The Voices from the Forest of Fochluth
Those who have read the Life of St. Patrick will remember that he spent about six years of his youth in slavery, herding sheep and swine on the slopes of Slemish mountain in Antrim, under a hard master.
After he had escaped and returned to his own country, he was ceaselessly haunted with the remembrance of the land of his captivity, and his mind brooded on the dark cloud of paganism and superstition that overshadowed the people; so that their conversion became the absorbing desire of his life.
It was during this time that a circumstance occurred which is related in the ancient Lives of the Saint, as well as in his own “Confession,” and which is numbered among the Wonders of Ireland in the Book of Ballymote.
On a certain night when he was about thirty years of age—living then in the islands of the Tyrrhene Sea off Italy on the west side—he had a vision; and he saw a man from Ireland named Victor coming up to him, having in his hand a great number of letters, one of which he gave to him.
Patrick took it and began to read; and the first words were “The voice of the Irish people.”
Before he had time to read farther, he heard voices crying to him from the forest of Fochluth or Fochloth or Fochlath in Ireland near the western sea.
They spoke on behalf of the children of Ireland; and their words were “Come, O holy youth, and walk among us!”
And hearing this, he was greatly afflicted insomuch that he was not able to read any more; and immediately he awoke.
These were the voices of two unborn babes, who spoke from their mother’s womb; and some of the old narratives say that the words were heard all over Ireland, and even by Pope Celestine in Rome.

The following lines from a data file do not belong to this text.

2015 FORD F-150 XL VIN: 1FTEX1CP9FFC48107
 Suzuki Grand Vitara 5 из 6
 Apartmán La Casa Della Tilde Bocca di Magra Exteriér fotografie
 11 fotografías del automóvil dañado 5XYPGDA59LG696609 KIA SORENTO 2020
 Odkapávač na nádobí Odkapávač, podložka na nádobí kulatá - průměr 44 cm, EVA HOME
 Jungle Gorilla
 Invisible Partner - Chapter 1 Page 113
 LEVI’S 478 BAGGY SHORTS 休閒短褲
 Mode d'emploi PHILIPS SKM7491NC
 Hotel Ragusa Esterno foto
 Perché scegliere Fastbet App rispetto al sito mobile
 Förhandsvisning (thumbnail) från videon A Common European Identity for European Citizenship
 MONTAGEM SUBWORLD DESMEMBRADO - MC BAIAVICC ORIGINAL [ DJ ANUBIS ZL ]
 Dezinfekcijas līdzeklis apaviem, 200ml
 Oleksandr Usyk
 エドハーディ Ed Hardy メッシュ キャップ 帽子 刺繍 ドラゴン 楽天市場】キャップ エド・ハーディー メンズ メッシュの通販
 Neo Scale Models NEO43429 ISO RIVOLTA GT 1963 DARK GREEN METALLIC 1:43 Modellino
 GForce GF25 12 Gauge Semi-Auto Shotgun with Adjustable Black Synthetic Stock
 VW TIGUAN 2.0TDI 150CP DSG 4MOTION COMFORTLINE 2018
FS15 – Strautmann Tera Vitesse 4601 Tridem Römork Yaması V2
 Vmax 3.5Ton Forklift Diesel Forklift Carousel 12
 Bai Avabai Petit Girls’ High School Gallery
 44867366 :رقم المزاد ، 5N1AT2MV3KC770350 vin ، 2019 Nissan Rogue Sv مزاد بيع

The children were the twin daughters of a chief named Glerain, who lived at Fochluth, a woody district in the present county Mayo.
Long years afterwards, when Patrick had returned to Ireland and was in Connaught preaching and converting the people in thousands, he remembered his vision, and turned his steps towards the wood from which he had heard the infant voices in days gone by.
Among other most interesting incidents of this journey, we are told that he met the two children, now young women, who were named Crebrea and Lassera, in their father’s house, baptised them, and consecrated them to a religious life.
They subsequently became saints and were greatly venerated for the holiness of their lives; and after their death their remains were interred in the churchyard of Kill-Forclan, in their native place at the wood of Fochlut.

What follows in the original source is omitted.